5.   Les limitations visées au paragraphe 1 du présent article s’appliquent également aux opérations de traitement qui sont réalisées avant l’ouverture des enquêtes ou d’autres enquêtes administratives visées aux paragraphes 2 à 4 ci-dessus, au cours de ces enquêtes et au cours du suivi des résultats de ces enquêtes.

6.   La présente décision s’applique à toute catégorie de données à caractère personnel traitées dans le cadre des activités visées aux paragraphes 2 à 5 ci-dessus.

7.   Sous réserve des conditions énoncées dans la présente décision, les limitations peuvent s’appliquer aux droits ci-après: la communication d’informations à des personnes concernées, le droit d’accès, de rectification, de suppression, de limitation du traitement, de communication à la personne concernée d’une violation de ses données à caractère personnel.

Article 2

Responsable du traitement chargé des enquêtes et garanties applicables

1.   Les mesures de protection mises en place pour éviter les violations des données à caractère personnel, les fuites de données ou encore la divulgation non autorisée de données dans le cadre des enquêtes visées à l’article 1er sont les suivantes:

a)

les documents en version papier sont conservés dans des armoires sécurisées et ne sont accessibles qu’au personnel habilité;

b)

toutes les données électroniques sont gérées avec les dispositifs, systèmes d’information, applications et ressources de supports de mémoire approuvés de l’ESMA. Les applications de système de gestion des documents de l’ESMA sont utilisées pour organiser, retrouver, partager, maintenir et protéger les données électroniques de l’ESMA. Le personnel habilité de l’ESMA n’est autorisé à accéder aux données électroniques que sur la base du principe du «besoin d’en connaître»;

c)

toutes les personnes ayant accès aux données sont liées par l’obligation de confidentialité.

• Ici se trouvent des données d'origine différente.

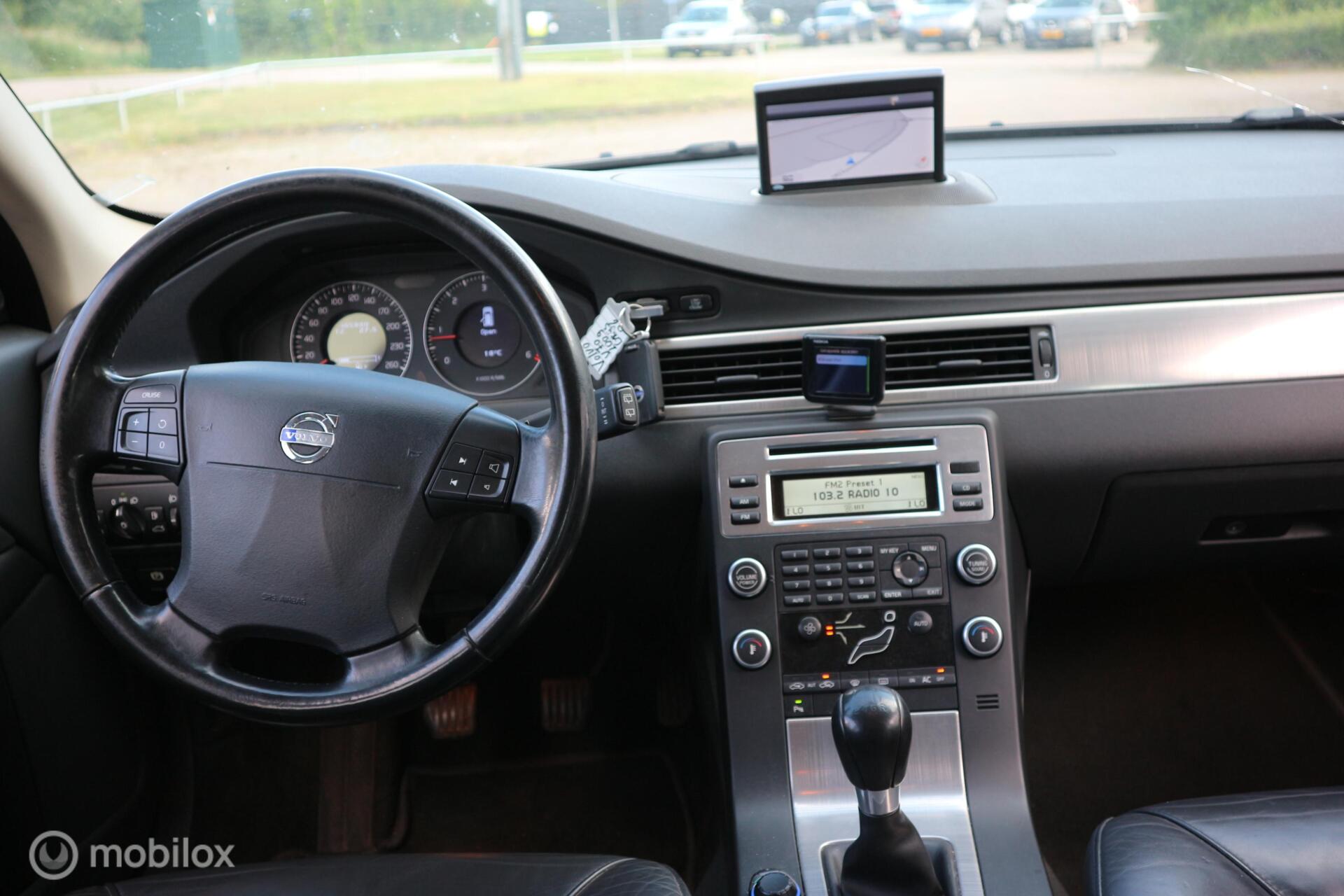 Foto van Volvo V70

2.   L’ESMA fait office de responsable des opérations de traitement; elle est représentée par son directeur exécutif, qui peut déléguer la fonction de responsable du traitement. Les personnes concernées sont informées de la délégation de la fonction de responsable du traitement au moyen des registres relatifs à la protection des données publiés sur le site web de l’ESMA.

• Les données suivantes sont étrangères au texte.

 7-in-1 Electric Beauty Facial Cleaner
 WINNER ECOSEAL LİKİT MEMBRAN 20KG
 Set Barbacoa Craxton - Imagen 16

3.   La durée de conservation des données à caractère personnel traitées ne doit pas excéder la durée nécessaire et appropriée pour parvenir aux fins pour lesquelles les données sont traitées. La durée de conservation est spécifiée dans les registres relatifs à la protection des données et dans les déclarations de confidentialité visés à l’article 5, paragraphe 1.

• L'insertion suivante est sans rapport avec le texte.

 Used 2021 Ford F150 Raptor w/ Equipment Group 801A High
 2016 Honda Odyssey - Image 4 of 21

4.   Lorsque l’ESMA envisage d’appliquer une limitation, le risque pour les droits et libertés de la personne concernée est pondéré, notamment au regard du risque pour les droits et libertés d’autres personnes concernées et du risque de priver d’effet les enquêtes ou les procédures de l’ESMA, par exemple par la destruction d’éléments de preuve. Les risques qui pèsent sur les droits et libertés de la personne concernée concernent principalement, mais sans s’y limiter, les risques pour la réputation ainsi que les risques pour les droits à la défense et le droit à être entendu.

Article 3

Limitations

1.   Toute limitation ne peut être appliquée par l’ESMA que pour sauvegarder:

a)

la prévention et la détection d’infractions pénales, ainsi que les enquêtes et les poursuites en la matière ou l’exécution de sanctions pénales, y compris la protection contre les menaces pour la sécurité publique et la prévention de telles menaces;

b)

d’autres objectifs importants d’intérêt public général de l’Union ou d’un État membre, en particulier les objectifs de la politique étrangère et de sécurité commune de l’Union ou un intérêt économique ou financier important de l’Union ou d’un État membre, y compris dans les domaines monétaire, budgétaire et fiscal, de la santé publique et de la sécurité sociale;

c)

la sécurité interne des institutions et organes de l’Union, notamment de leurs réseaux de communications électroniques;

d)

la prévention et la détection de manquements à la déontologie des professions réglementées, ainsi que les enquêtes et les poursuites en la matière;

e)

une mission de contrôle, d’inspection ou de réglementation liée, même occasionnellement, à l’exercice de l’autorité publique, dans les cas visés aux points a) et b);

f)

la protection de la personne concernée ou des droits et libertés d’autrui.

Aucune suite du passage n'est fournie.